O HASTANENİN BİTİMİNİ İL MÜDÜRÜ OLARAK GÖRECEK Mİ?
ÖZLÜ: KENDİ İSTERSE GÖRECEK
Şimdi Yasin'e geldi sıra. Birini gönderdiler. İsa Yazıcı işte Ercan milletvekili oldu, Hasan il başkan oldu, sıra bende deyince adamı postaladılar Urfa'ya. Yasin'i de şimdi bir salladılar. Şimdi sıra Yasin'e geldi. Ben hatta sohbet sırasında basın mensuplarının olduğu yerde Sayın Bakanım dedim Yasin Yılmaz acaba bu projede çok emeği var dediniz. Evet var dedi. Projenin dedim sonunu görebilecek mi sağlık il müdürü olarak dedim. Çünkü Yasin Yılmaz milletvekilinin aday adaylığına girdi. Bir potansiyel bir siyasetçi gibi görünüyor. Sayın Bakan da dedi ki evet görecek. Yani o istemediği sürece görecek. Bir sorun da yok. İsterse giderse buradan daha üst rütbeye gider. işte genel müdür olur, şu olur, bu olur ama bunu görecek dedi. Gösterecekler mi, göstermeyecekler mi bilmiyorum.
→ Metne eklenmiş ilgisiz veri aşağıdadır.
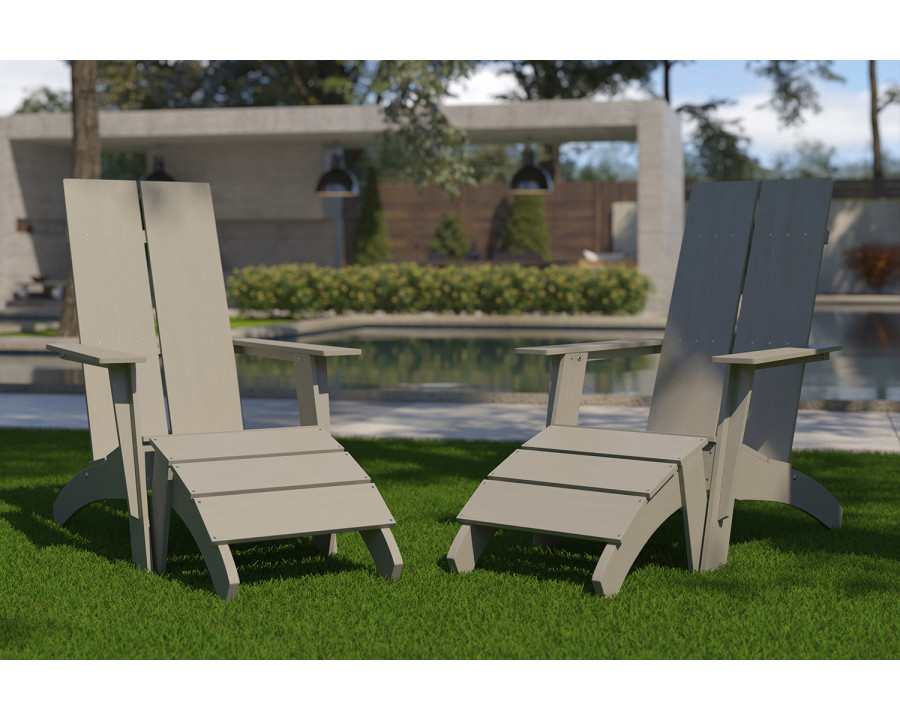 BLNK Sawyer All-Weather Poly Resin Wood Adirondack Chairs with Foot Rests Set of 2 - Gray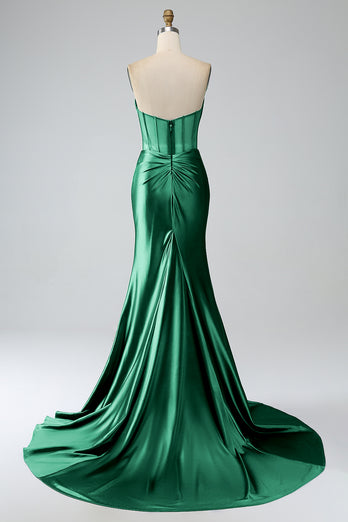 Dark Green Mermaid Strapless Corset Long Prom Dress with Slit
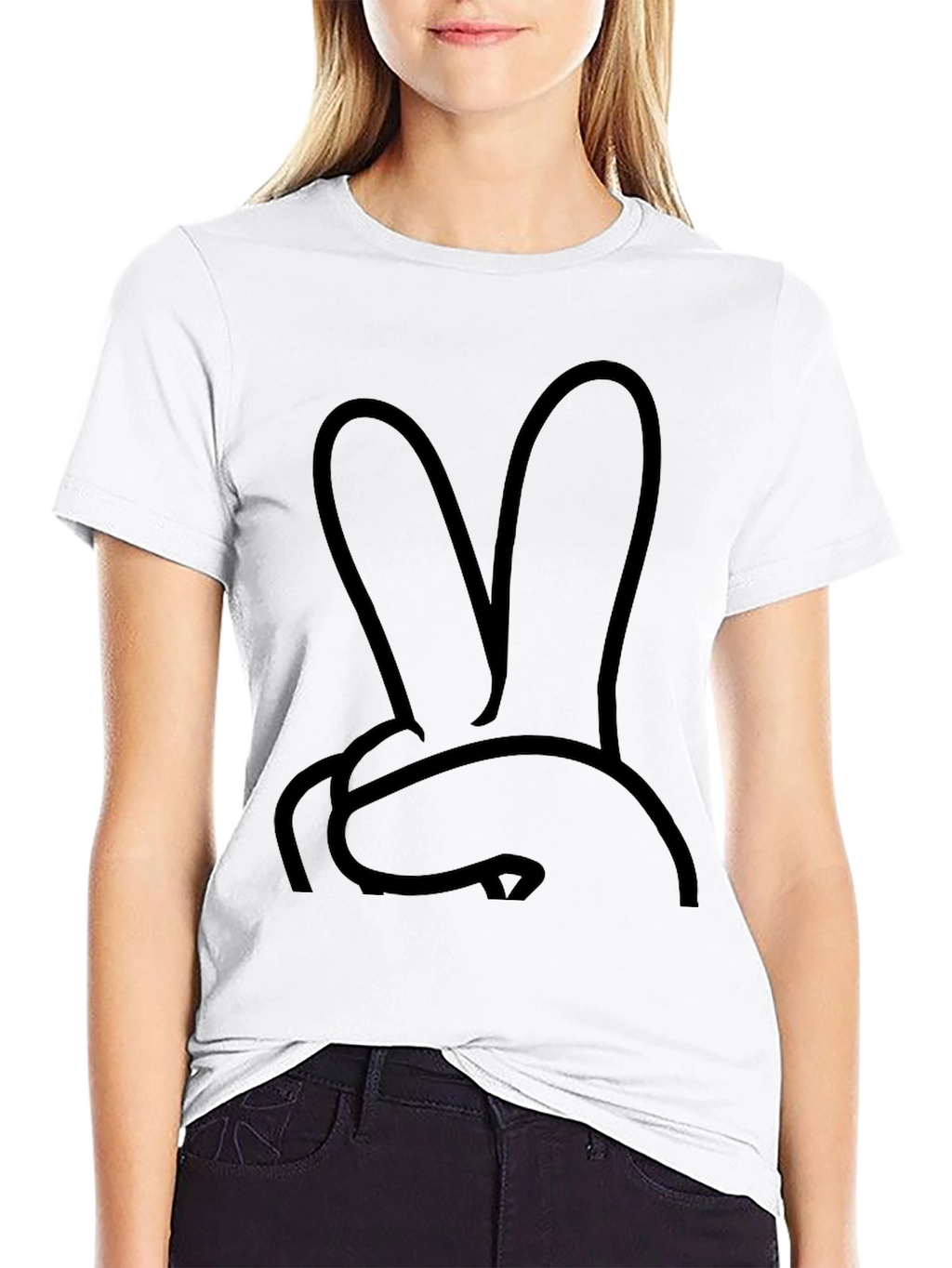 Black Bunny Peace Sign Graphic T-Shirt
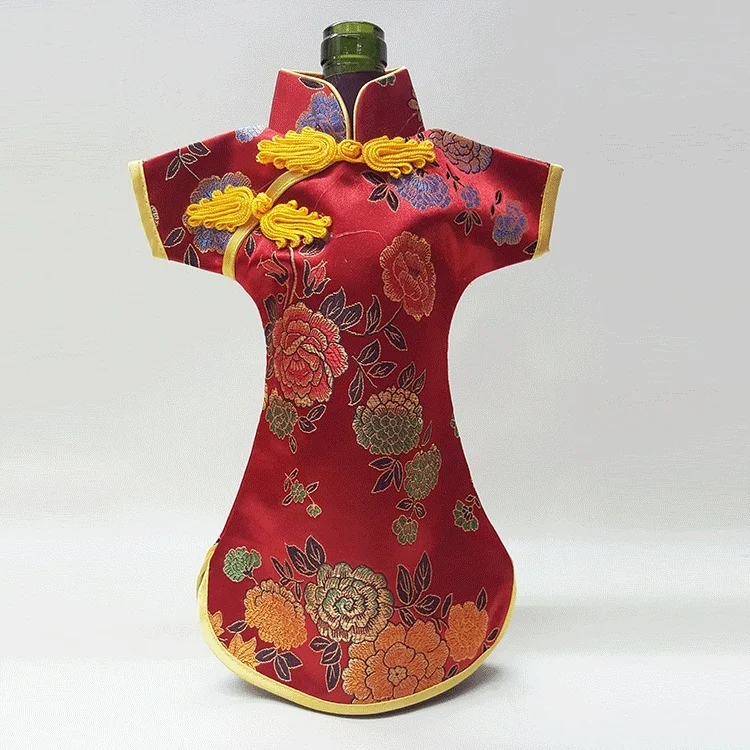Cheongsam chino clásico para mujer, cubierta de botella de vino, ropa, cubierta de botella de vino, embalaje de regalo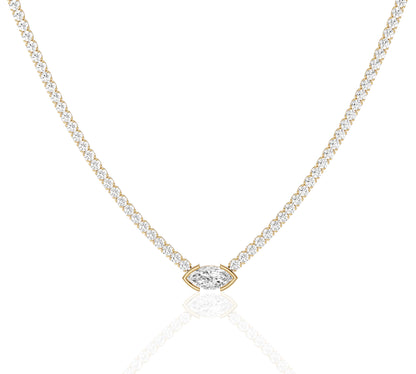 gold diamond tennis necklace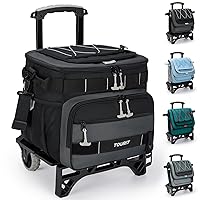 TOURIT Collapsible 48-Can Leak-Proof Insulated Rolling Cooler with All-Terrain Cart, Upgraded Fixtures and New Wheels Suitable for Beach, Picnic, Shopping
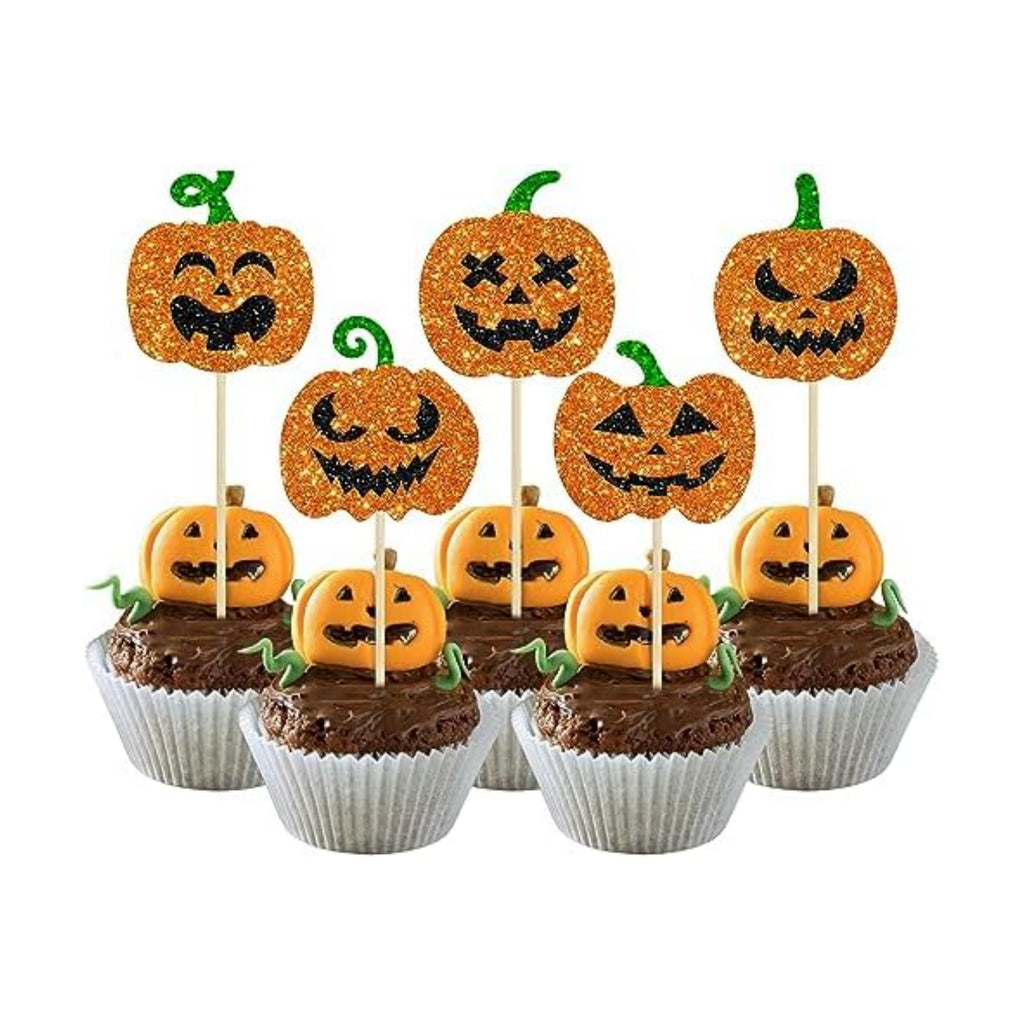Gyufise 30Pcs Halloween Pumpkin Cupcake Toppers Glitter Jack-O-Lantern Halloween Cupcake Picks for Kids Birthday Festival Party Cake Decorations Supplies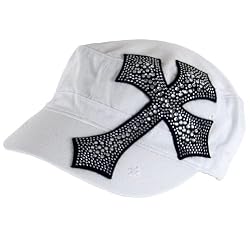 Patch Cross Crystal Frayed Cadet Castro Hat Cap White
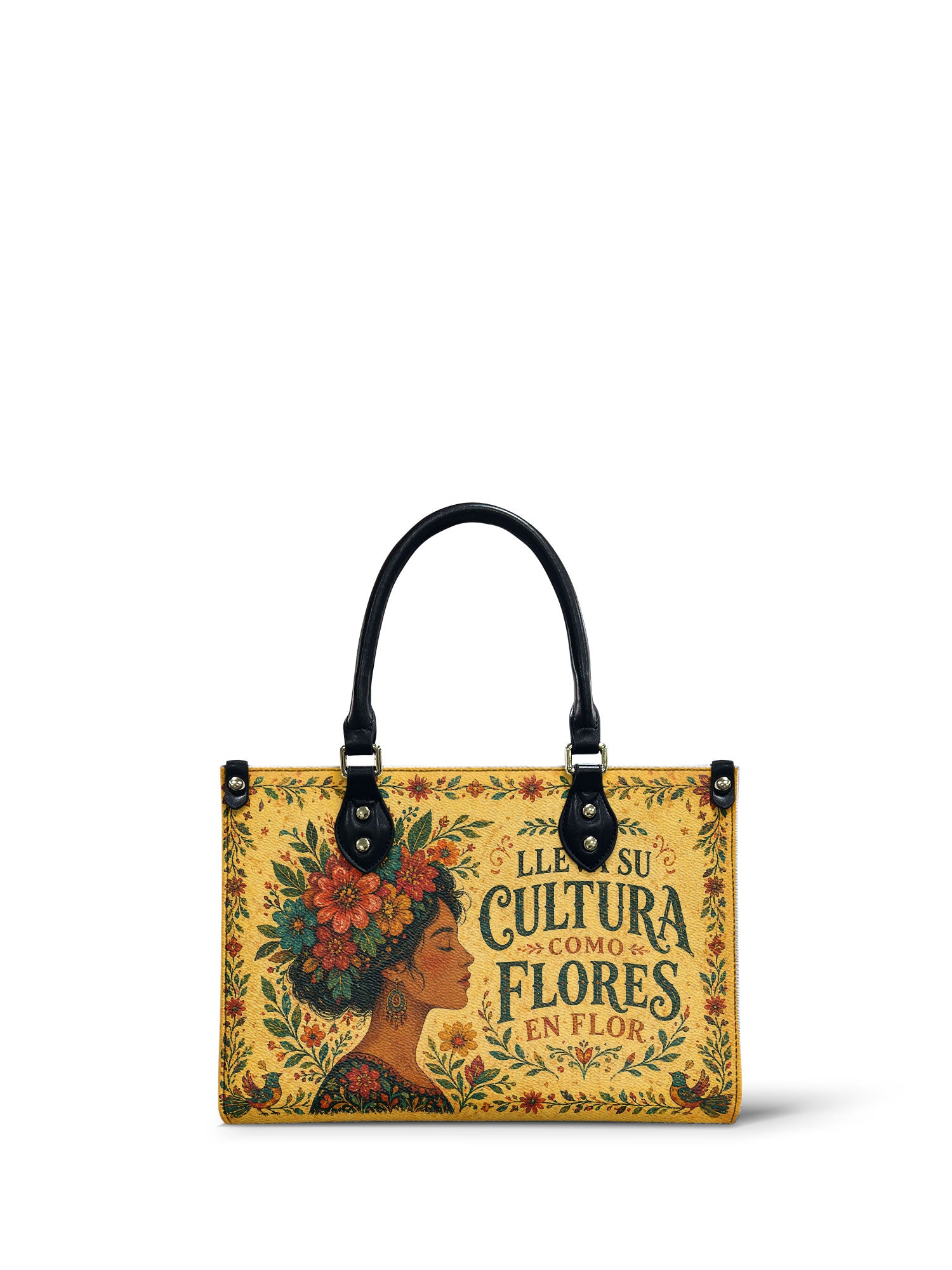 "Lleva su cultura como flores en flor" ver.1 Small Leather Handbag - front view | Paleta Bags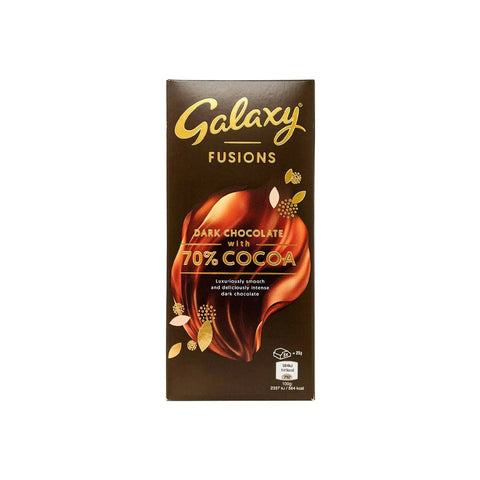 Galaxy Fusions Dark Chocolate 70% Cocoa Bar 100g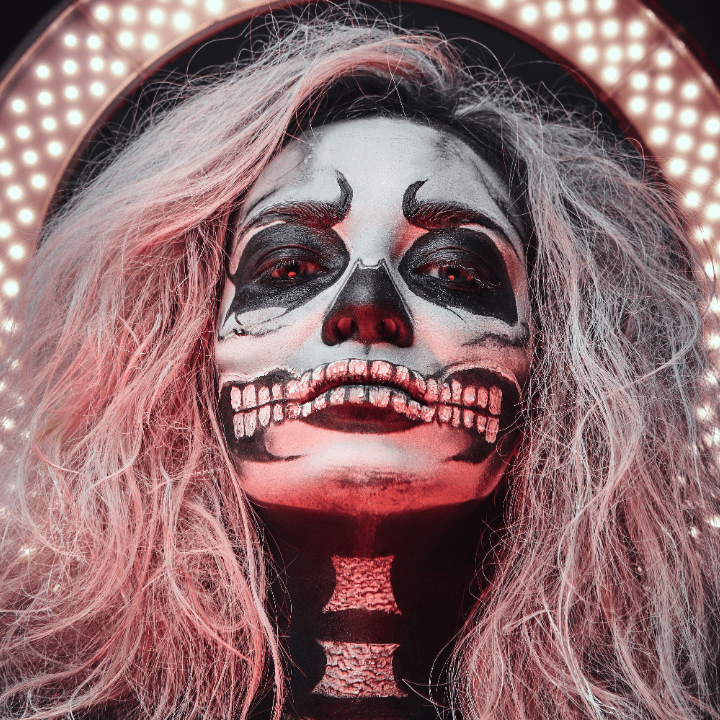 special fx makeup woman with skeleton face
İSA’YI YEDİNİZ SIRA YASİN’DE Mİ?
Ancak şehrin siyasetçileri, şehrin siyasette ikbal arayan bürokratlarını yemeye kalkarsa bu şehirde bu şehirde bu memlekette ne olmaz? Gelecek olmaz. Yasin Yılmaz bugün 400 yataklı önümüzdeki dönemlerde 1000 yatağa çıkması planlanan Düzce Eğitim ve Araştırma Hastanesini görebilecek mi göremeyecek mi? Bunu zaman gösterecek. Ama ne ekersen onu biçersin. Ben şuna inanıyorum. Siyasette olmak isteyen bürokrat o siyasi yapıya hizmeti kendine bir ilke, bir ülke, bir dava gibi görür ve çok büyük hizmetler eder ve arkasına bakmaz. Ama siyasetçi de yarın bana bu rakip olur diye ayağına çelme takarsan aslında kendi bindiğin dalı kesersin. Ha bunları niye söylüyorum bunlar siyaseti bilmiyor. Bunlar hizmeti bilmiyor. Nasıl yapacağını bilmiyor. Elinde argüman var, malzeme var. Un var, şeker var, yağ var ama bunlar bir helva yapmasından bir haber. 2 saat sonra açıklama yapılıyor. Ondan sonra da sağa sola haber gönderiyor. 14 kişi varmış il başkanlarının içinde. O 14'ün içinden Hasan Şengüloğlu çıkmış görevden alınmayacak il başkanı 8 kişi alındı ya. Kimse bana bir şey yapamaz deyip böyle mağrur bir edayla yürüyor. Ya senin orada kalmana, senin orada bulunmana, siyaset yapmana, yapamadığın siyasete en çok o siyaseti yapan tabandaki partililer darlanıyor. Ama CHP'liler seviniyor. İyi Partililer seviniyor, keyifleniyor. Niye? İl başkanı siyasi olarak kazandığı hizmetleri Düzce'de pazarlayamıyor. Beceremiyor veya bir şey yapamıyor da beceremiyor veya yapıyor da beceremiyor. Ama senin orada kalmana muhalefet çok seviniyorsa sen hala Yasin'le uğraşın, İsa ile uğraşın. Düzce'deki bürokraside zaten istenilen randıman yok. Herkes bir şey yapmış gibi görünüyor, yapıyormuş gibi görünüyor, ediyormuş gibi görünüyor. Sayın valimizin bir yaptığı paylaşımı beğenmek, Sayın Bakanın yaptığı paylaşımları beğenmek, onları paylaşmak. Siz daha iyi bilirsiniz. O hep böyle bu beğenilerle, yerinde kalan bürokratlarla bu Düzce’de ne olur ya? Beğeni çok. Bakın kim kimi beğeniyor. Siz beğenin veya beğenmeyin önemli değil. Ama vatandaş beğensin. Vatandaş sizi de beğensin, valiyi de beğensin, belediye başkanı da beğensin, milletvekilini de beğensin, il başkanı da beğensin.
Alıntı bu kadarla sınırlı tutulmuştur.